### Your instructions
A faithful copy is required of the lines from the top of the entries through the line that contains "The following features", both included, with no pictures.

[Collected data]
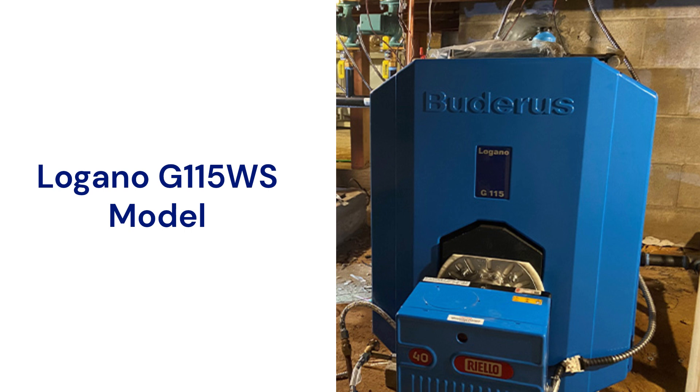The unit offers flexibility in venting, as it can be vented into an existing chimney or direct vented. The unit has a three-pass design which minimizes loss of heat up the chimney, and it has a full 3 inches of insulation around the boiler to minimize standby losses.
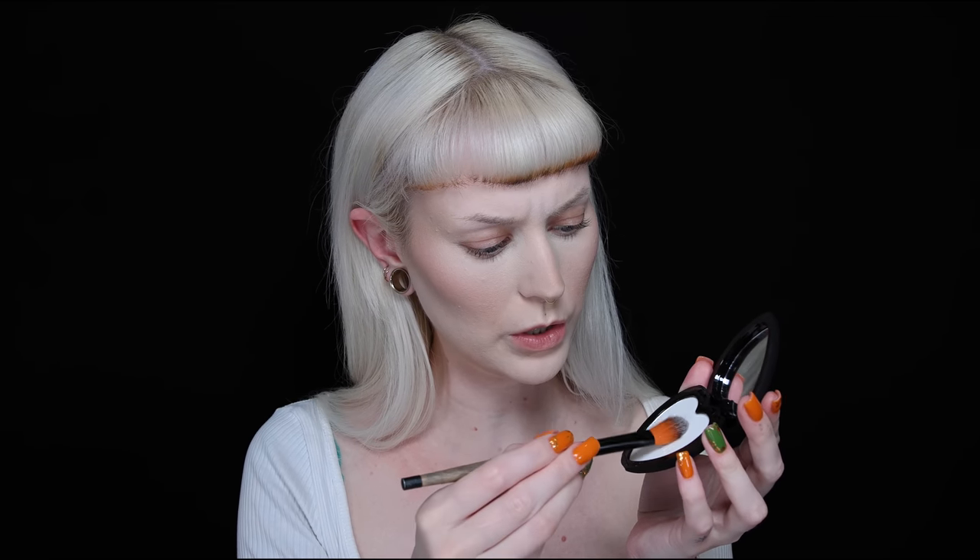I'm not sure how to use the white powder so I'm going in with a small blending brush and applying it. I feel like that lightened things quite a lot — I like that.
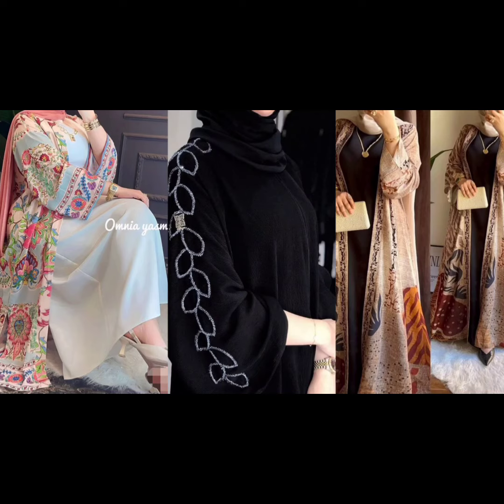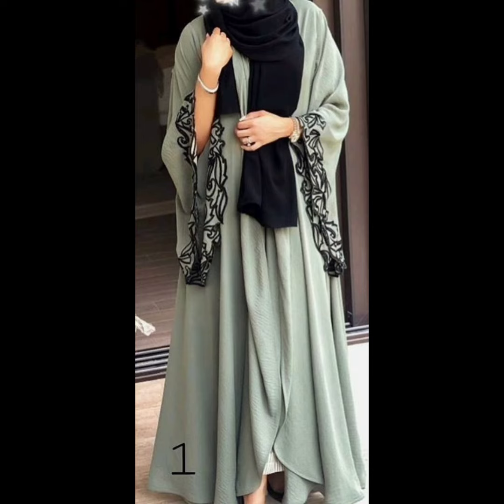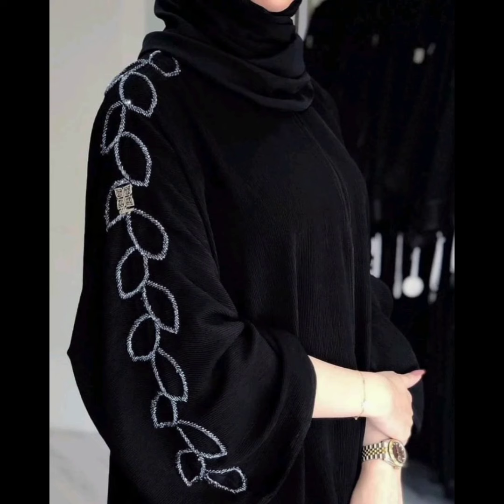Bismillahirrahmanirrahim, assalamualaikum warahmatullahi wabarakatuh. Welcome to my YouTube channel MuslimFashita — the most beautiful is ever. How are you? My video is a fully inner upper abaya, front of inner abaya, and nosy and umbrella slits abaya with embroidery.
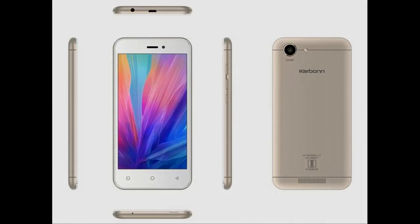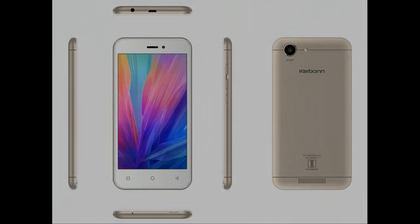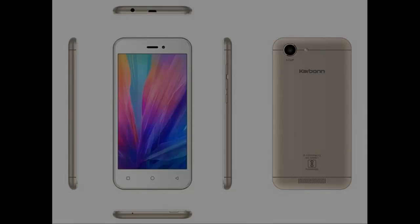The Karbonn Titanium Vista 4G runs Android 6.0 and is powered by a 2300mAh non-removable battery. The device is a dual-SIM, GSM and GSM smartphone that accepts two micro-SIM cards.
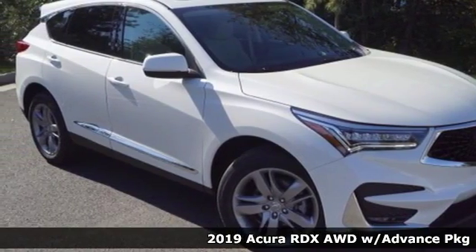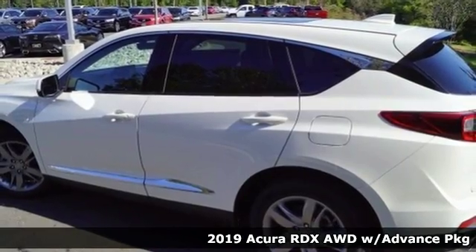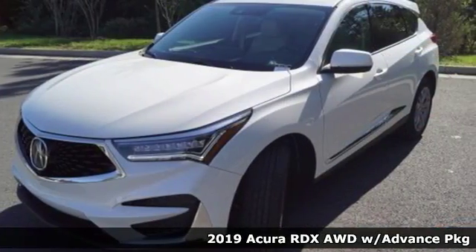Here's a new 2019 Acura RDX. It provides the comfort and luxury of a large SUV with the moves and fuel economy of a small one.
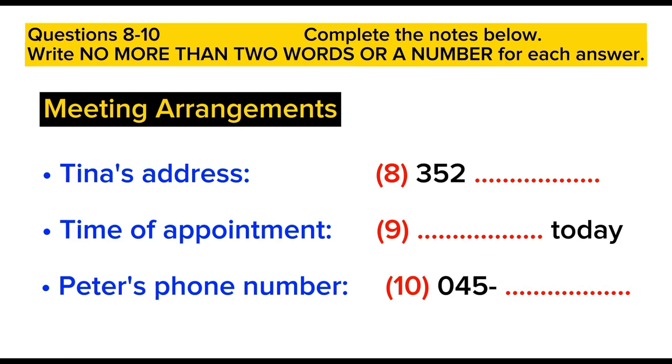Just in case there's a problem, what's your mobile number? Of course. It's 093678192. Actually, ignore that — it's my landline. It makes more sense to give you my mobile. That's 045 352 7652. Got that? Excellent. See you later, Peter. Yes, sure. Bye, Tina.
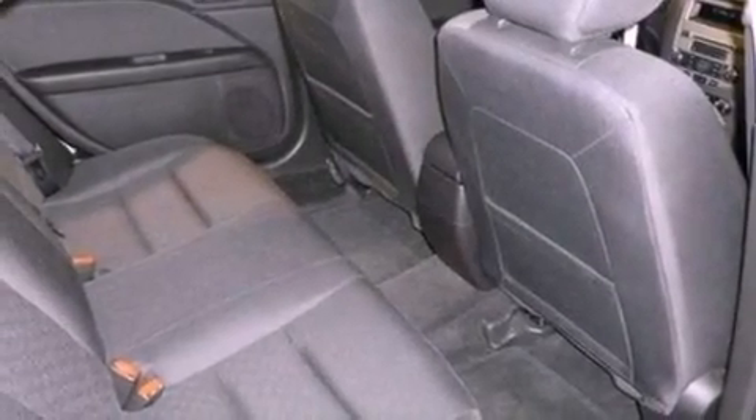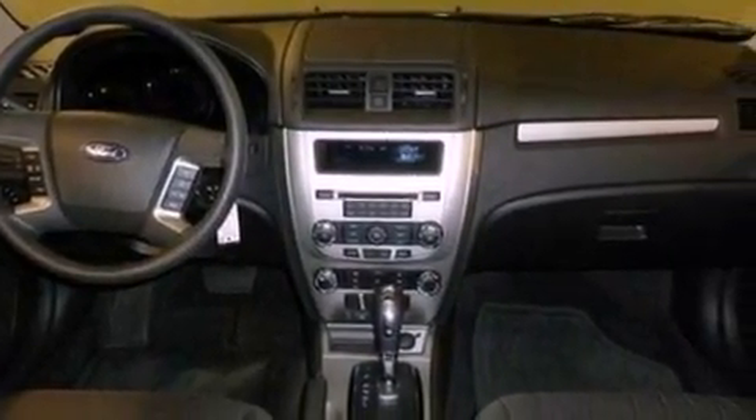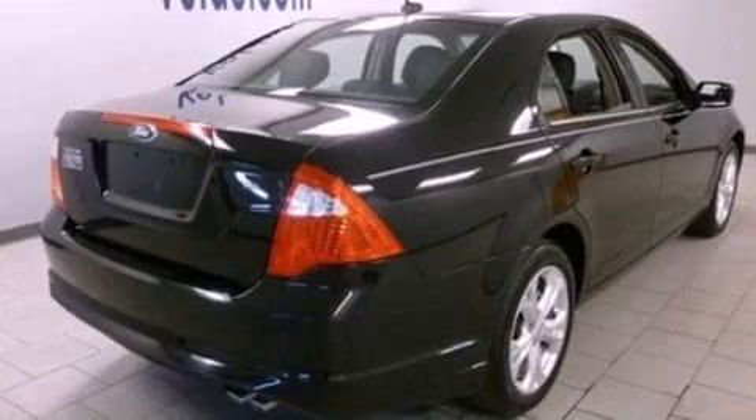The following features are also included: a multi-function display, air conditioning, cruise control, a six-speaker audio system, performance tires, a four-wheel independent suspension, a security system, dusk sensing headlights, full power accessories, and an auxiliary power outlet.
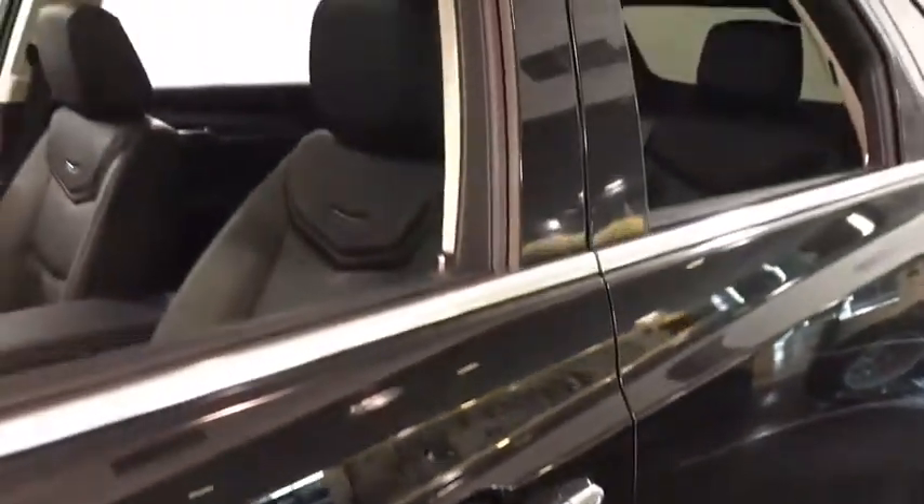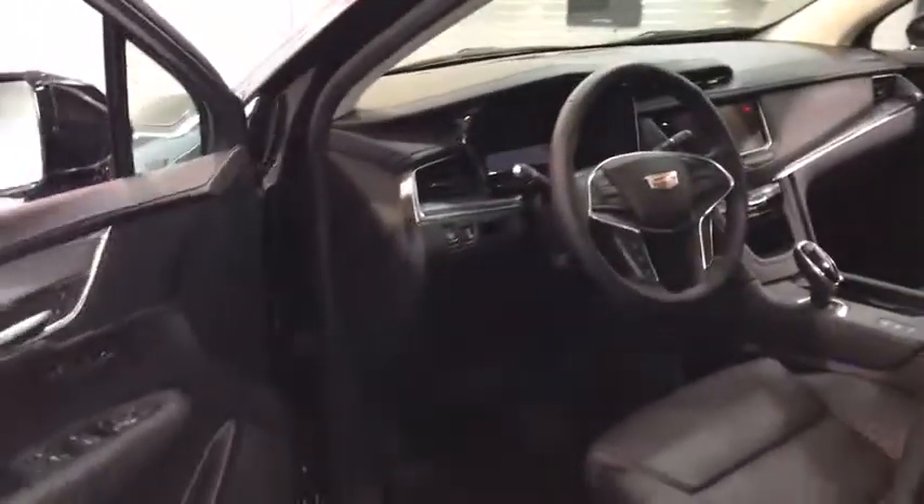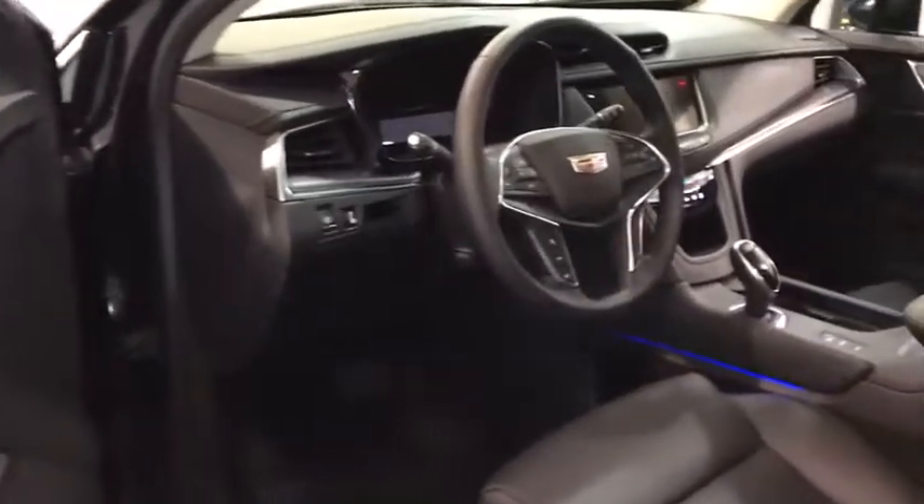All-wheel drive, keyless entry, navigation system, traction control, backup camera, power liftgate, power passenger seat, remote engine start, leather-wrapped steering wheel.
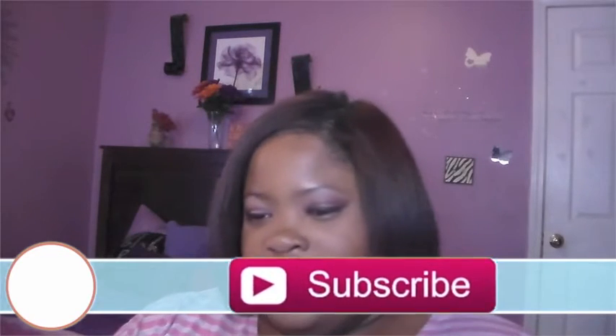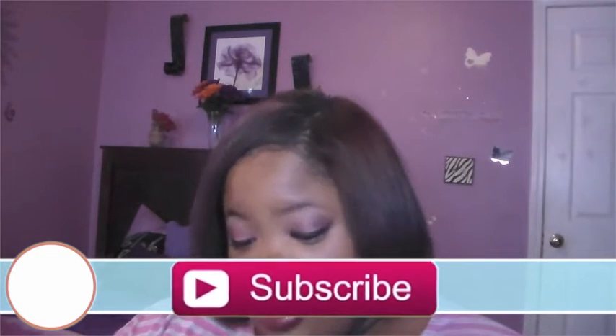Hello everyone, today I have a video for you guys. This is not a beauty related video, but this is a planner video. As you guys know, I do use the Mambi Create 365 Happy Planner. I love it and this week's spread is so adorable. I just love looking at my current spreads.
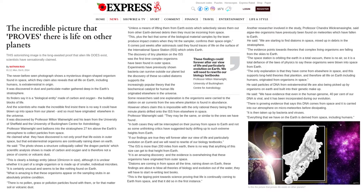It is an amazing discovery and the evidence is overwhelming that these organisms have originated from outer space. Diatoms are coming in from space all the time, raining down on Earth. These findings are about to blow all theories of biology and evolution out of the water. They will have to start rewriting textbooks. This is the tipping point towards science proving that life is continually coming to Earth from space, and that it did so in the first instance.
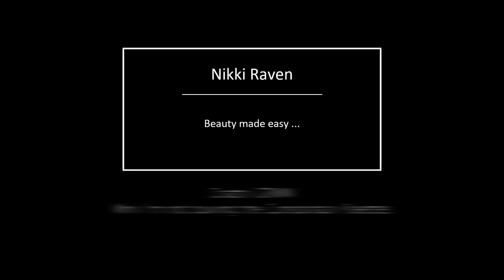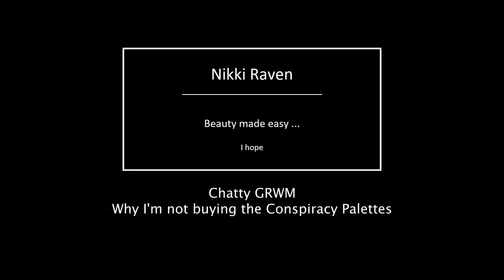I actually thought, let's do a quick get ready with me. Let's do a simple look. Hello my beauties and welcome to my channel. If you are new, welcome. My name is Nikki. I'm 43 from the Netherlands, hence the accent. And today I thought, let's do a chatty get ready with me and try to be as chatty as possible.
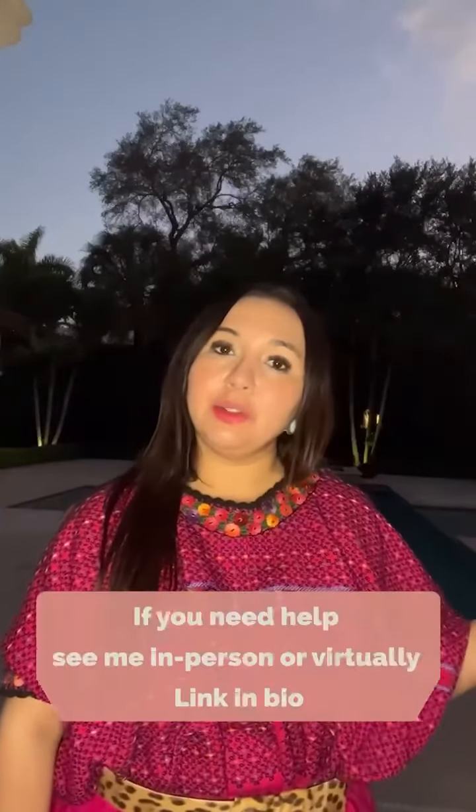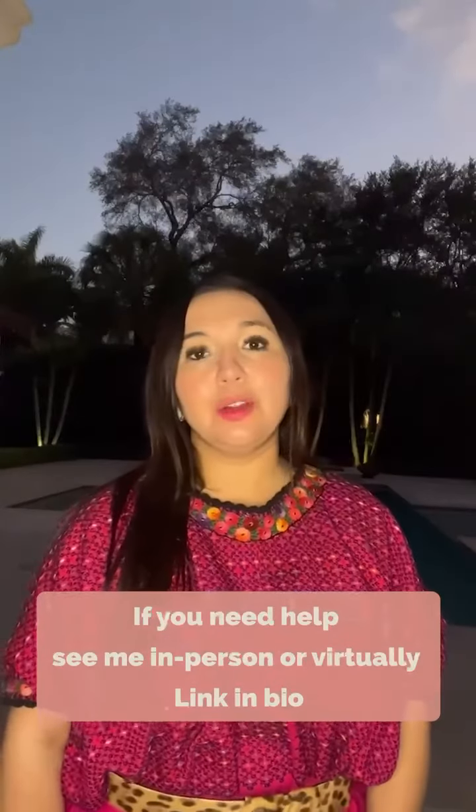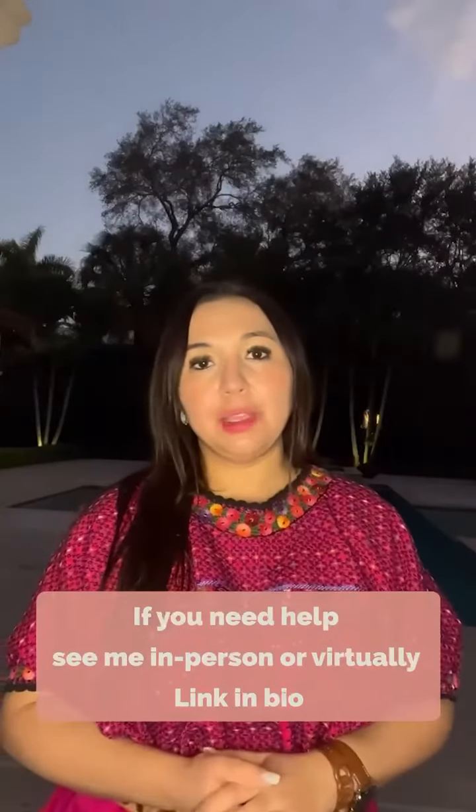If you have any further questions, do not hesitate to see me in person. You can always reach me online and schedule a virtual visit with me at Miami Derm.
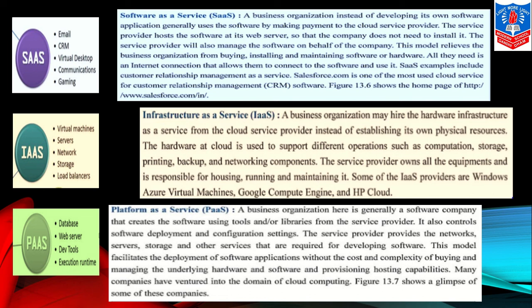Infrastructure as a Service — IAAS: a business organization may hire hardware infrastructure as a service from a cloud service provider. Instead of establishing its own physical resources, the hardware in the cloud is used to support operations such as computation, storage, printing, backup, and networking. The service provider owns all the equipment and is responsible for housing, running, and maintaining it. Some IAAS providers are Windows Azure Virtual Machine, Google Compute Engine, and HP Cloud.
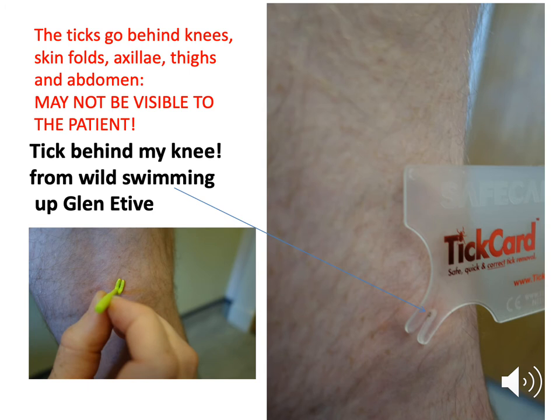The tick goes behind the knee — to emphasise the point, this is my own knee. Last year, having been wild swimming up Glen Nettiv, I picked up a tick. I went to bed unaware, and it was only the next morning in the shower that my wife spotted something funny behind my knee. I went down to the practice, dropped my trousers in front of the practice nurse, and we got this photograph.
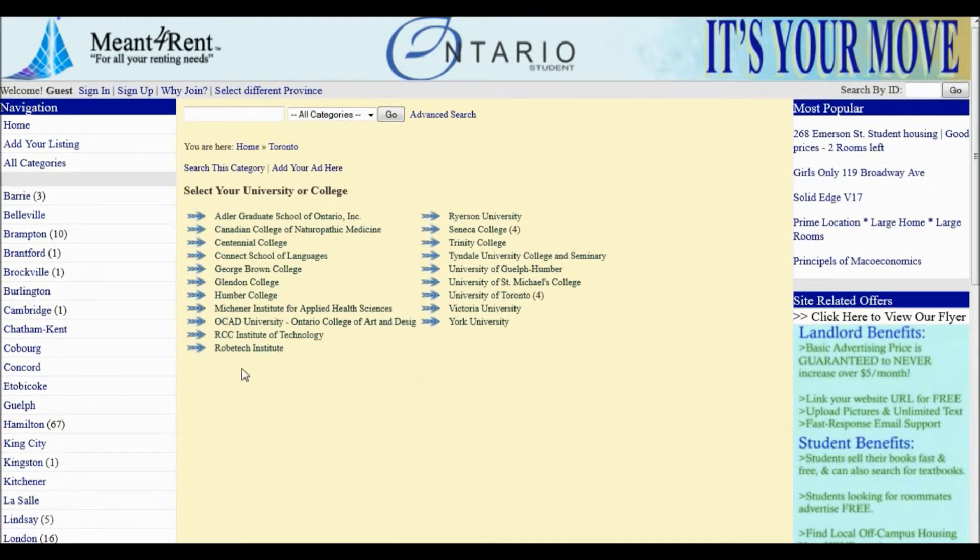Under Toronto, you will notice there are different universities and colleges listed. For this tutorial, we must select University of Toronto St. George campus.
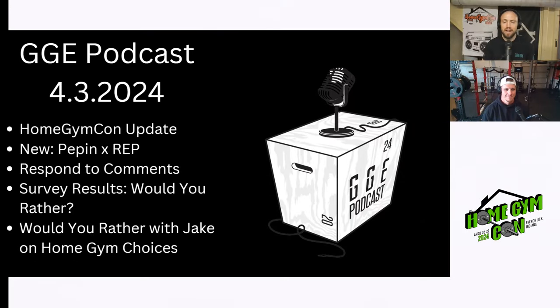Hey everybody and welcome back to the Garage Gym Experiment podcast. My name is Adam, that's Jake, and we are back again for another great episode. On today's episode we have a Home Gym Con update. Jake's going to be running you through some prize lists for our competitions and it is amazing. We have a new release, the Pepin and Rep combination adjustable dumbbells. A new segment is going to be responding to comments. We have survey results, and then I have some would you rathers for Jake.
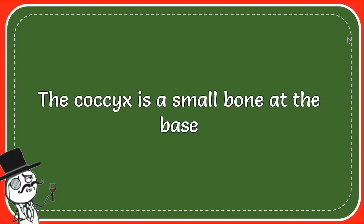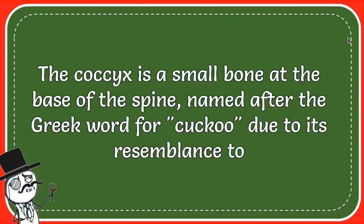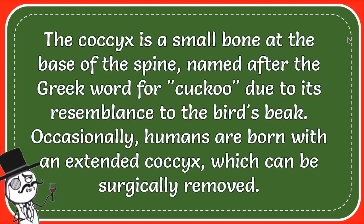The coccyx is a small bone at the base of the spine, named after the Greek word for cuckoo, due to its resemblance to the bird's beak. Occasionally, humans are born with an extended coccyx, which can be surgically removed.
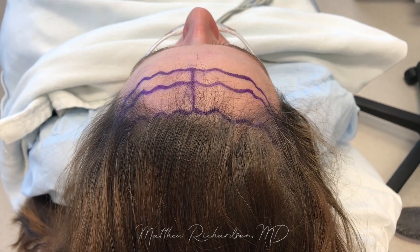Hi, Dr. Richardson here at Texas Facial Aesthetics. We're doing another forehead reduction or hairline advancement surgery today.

### Reply to the task
The unit offers flexibility in venting, as it can be vented into an existing chimney or direct vented. The unit has a three-pass design which minimizes loss of heat up the chimney, and it has a full 3 inches of insulation around the boiler to minimize standby losses.
I'm not sure how to use the white powder so I'm going in with a small blending brush and applying it. I feel like that lightened things quite a lot — I like that.
Bismillahirrahmanirrahim, assalamualaikum warahmatullahi wabarakatuh. Welcome to my YouTube channel MuslimFashita — the most beautiful is ever. How are you? My video is a fully inner upper abaya, front of inner abaya, and nosy and umbrella slits abaya with embroidery.
The Karbonn Titanium Vista 4G runs Android 6.0 and is powered by a 2300mAh non-removable battery. The device is a dual-SIM, GSM and GSM smartphone that accepts two micro-SIM cards.
Here's a new 2019 Acura RDX. It provides the comfort and luxury of a large SUV with the moves and fuel economy of a small one.
Just in case there's a problem, what's your mobile number? Of course. It's 093678192. Actually, ignore that — it's my landline. It makes more sense to give you my mobile. That's 045 352 7652. Got that? Excellent. See you later, Peter. Yes, sure. Bye, Tina.
The following features are also included: a multi-function display, air conditioning, cruise control, a six-speaker audio system, performance tires, a four-wheel independent suspension, a security system, dusk sensing headlights, full power accessories, and an auxiliary power outlet.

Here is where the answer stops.